## About this task
Exactly the lines from the line that has "thumbnail image 5" through the final line below are to be retyped, and the pictures are not.

## Collected material
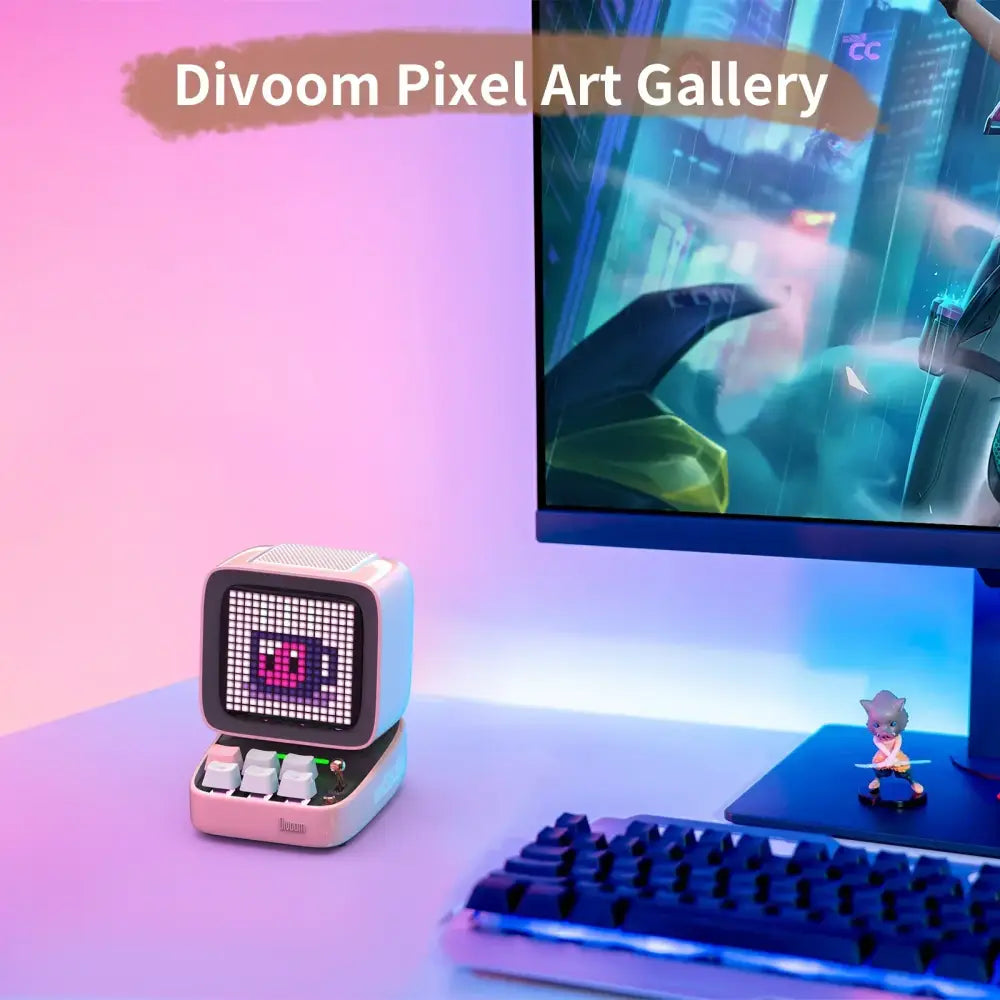 Retro pink pixel art speaker led display bedroom decor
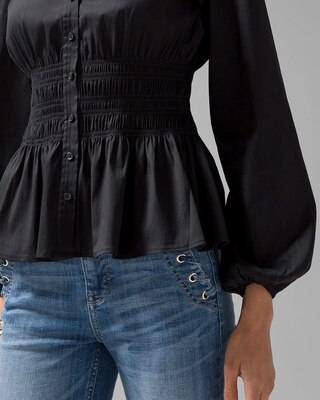Smocked Waist Poplin Shirt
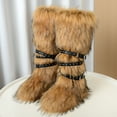 thumbnail image 5 of Women's Winter Warm Fluffy Faux Fur Knee High Snow Boots - Fashionable Cross Belt Buckle Boots, 5 of 5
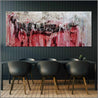 Rose 200cm x 80cm Grey Red Textured Abstract Painting-Abstract-Franko-[Franko]-[huge_art]-[Australia]-Franklin Art Studio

## Task response
 thumbnail image 5 of Women's Winter Warm Fluffy Faux Fur Knee High Snow Boots - Fashionable Cross Belt Buckle Boots, 5 of 5
 Rose 200cm x 80cm Grey Red Textured Abstract Painting-Abstract-Franko-[Franko]-[huge_art]-[Australia]-Franklin Art Studio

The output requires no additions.